Submitted to: National Cotton Council Beltwide Cotton Conference
Publication Type: Proceedings
Publication Acceptance Date: January 12, 2007
Publication Date: February 1, 2007
Citation: Funk, P.A., Hughs, S.E., Gamble, G.R., Fleury, A. 2007. Mitigating cotton stickiness caused by insects. In: Proceedings of the Beltwide Cotton Conferences, January 9-12, 2007, New Orleans, Louisiana. 2007 CDROM p. 1943-1947. Interpretive Summary: Stickiness on cotton lint from insect excreta disrupts yarn spinning to such an extent that spinning mills avoid purchasing fiber from regions perceived to have infestations. To avoid depressed prices, growers strive diligently to control late season sucking insect populations. Having a treatment that can effectively eliminate stickiness from insect sugars without damaging fiber value in other ways would preserve market value for American cotton if treatments fail to control insects. The material tested holds some promise as it did not damage lint fiber. Unfortunately, for this first trial there was not enough raw material to test the efficacy of the bacteria against this highly variable problem.

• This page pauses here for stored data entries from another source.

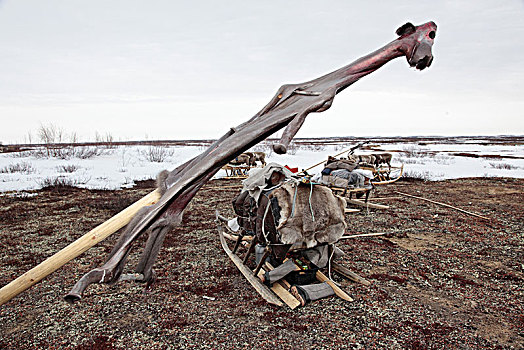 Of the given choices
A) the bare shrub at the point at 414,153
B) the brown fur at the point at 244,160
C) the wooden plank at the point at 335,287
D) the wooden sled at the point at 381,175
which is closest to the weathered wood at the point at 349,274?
the wooden plank at the point at 335,287

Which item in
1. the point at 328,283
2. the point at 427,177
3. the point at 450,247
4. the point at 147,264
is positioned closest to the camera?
the point at 147,264

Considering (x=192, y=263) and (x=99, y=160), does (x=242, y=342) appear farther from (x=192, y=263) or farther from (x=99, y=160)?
(x=99, y=160)

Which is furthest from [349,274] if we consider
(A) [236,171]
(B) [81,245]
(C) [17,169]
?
(C) [17,169]

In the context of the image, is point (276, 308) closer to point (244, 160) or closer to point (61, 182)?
point (244, 160)

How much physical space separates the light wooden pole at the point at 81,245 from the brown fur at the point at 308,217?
374 cm

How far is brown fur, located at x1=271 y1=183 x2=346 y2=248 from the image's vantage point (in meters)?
4.70

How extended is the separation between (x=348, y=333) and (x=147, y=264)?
13.3 ft

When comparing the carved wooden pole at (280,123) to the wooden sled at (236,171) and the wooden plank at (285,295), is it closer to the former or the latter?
the wooden plank at (285,295)

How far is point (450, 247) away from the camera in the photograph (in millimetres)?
7422

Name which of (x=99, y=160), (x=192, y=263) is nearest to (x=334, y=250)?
(x=192, y=263)

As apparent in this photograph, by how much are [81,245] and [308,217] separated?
13.4 ft

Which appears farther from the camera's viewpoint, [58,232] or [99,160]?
[99,160]

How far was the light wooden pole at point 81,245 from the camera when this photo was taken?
91cm

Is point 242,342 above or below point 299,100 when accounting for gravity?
below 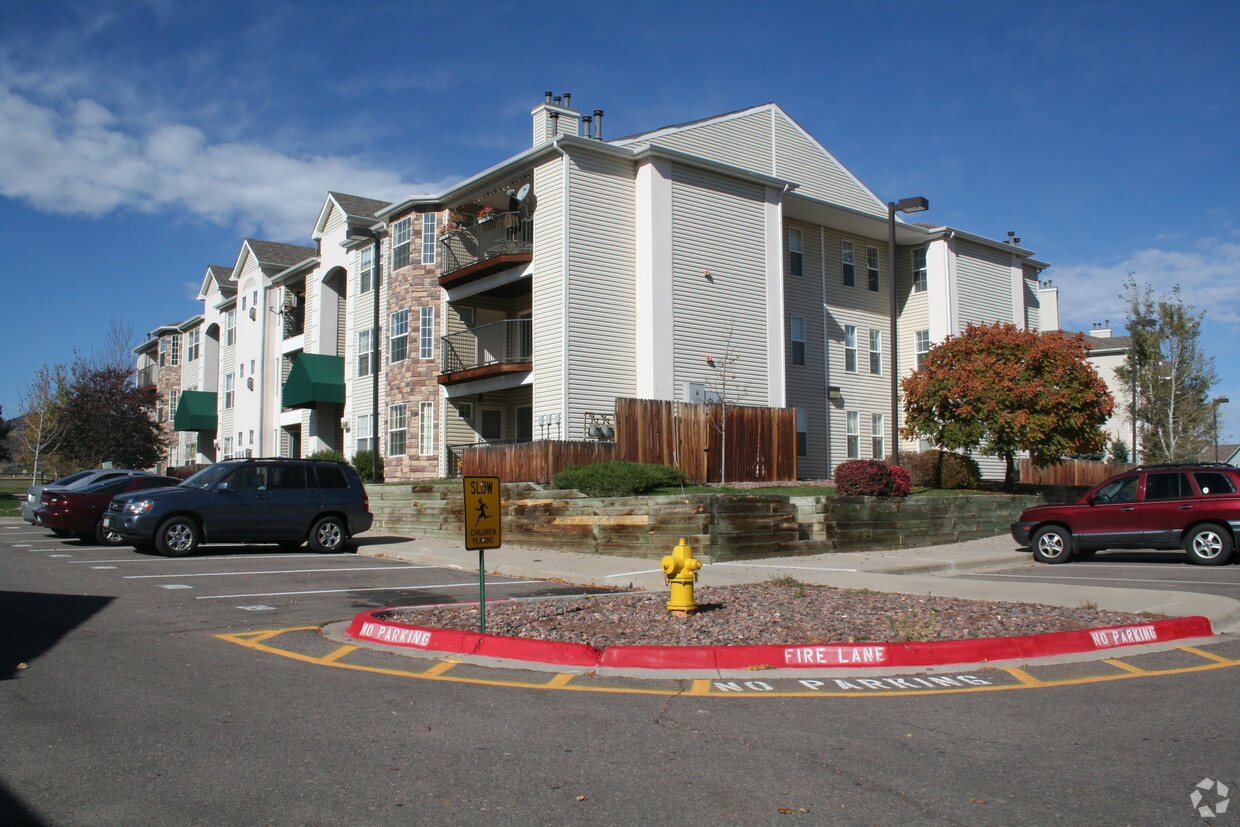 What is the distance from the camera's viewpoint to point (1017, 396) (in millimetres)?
24500

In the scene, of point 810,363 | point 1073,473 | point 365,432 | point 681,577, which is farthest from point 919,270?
point 681,577

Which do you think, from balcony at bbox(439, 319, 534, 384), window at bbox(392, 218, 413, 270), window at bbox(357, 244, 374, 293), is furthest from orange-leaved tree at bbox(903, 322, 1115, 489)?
window at bbox(357, 244, 374, 293)

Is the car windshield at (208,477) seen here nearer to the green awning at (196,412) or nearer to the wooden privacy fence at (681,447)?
the wooden privacy fence at (681,447)

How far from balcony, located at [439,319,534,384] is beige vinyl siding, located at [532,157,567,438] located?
267 centimetres

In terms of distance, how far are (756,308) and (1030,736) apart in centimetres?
2361

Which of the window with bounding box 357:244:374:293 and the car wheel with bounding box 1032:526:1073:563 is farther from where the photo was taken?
the window with bounding box 357:244:374:293

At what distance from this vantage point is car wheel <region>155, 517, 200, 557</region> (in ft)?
54.1

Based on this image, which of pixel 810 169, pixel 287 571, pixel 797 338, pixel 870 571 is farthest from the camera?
pixel 810 169

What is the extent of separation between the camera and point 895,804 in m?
4.57

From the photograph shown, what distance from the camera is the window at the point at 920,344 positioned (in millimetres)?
34891

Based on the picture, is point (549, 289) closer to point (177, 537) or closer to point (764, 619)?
point (177, 537)

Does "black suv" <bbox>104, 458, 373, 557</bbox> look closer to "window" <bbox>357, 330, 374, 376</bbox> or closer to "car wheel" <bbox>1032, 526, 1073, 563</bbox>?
"car wheel" <bbox>1032, 526, 1073, 563</bbox>

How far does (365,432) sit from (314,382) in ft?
9.79

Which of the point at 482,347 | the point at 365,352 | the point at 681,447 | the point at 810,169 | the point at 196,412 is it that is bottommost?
the point at 681,447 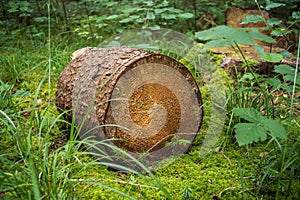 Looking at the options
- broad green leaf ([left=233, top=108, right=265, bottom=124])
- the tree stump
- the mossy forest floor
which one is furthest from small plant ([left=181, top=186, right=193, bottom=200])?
broad green leaf ([left=233, top=108, right=265, bottom=124])

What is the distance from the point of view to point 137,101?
2111 mm

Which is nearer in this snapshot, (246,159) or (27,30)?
(246,159)

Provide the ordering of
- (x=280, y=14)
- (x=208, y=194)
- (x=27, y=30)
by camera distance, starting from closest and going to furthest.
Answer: (x=208, y=194) < (x=27, y=30) < (x=280, y=14)

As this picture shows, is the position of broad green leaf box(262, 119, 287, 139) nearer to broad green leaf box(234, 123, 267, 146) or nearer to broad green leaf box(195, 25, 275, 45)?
broad green leaf box(234, 123, 267, 146)

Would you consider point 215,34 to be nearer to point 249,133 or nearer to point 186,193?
point 249,133

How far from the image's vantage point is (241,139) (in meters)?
1.38

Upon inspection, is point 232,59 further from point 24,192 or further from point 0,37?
point 0,37

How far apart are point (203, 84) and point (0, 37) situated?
316cm

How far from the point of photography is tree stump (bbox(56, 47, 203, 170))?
6.73 feet

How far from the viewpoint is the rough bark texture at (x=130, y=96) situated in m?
2.04

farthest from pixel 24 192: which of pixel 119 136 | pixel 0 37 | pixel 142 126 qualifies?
pixel 0 37

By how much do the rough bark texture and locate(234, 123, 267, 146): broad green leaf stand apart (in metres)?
0.84

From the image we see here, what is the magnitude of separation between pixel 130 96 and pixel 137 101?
0.20 ft

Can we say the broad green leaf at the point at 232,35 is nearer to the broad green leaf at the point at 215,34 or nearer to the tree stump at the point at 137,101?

Technical Abstract: Sugars deposited on lint by late season sucking insects can make cotton difficult to spin and difficult to market. This study evaluated a lacto bacillus bacteria strain that metabolizes insect sugars under low moisture conditions. Lint with known levels of stickiness was sprayed with water containing Lalsil Cotton® and compared to untreated material after 20, 59 and 179 days in storage. Stickiness was estimated by recording ends down during ring spinning, with a minicard machine, by high speed stickiness detector and by chemical tests. Fiber properties were tested using high volume instrument and advanced fiber information system machines. Ring spun yarn quality was tested using statimat and evenness machines. Less than 2% moisture was added with treatment. Consequently, no degradation in fiber quality was observed. Stickiness is highly variable and isolated. There simply were not enough samples available to find statistically significant differences by any of the four estimates.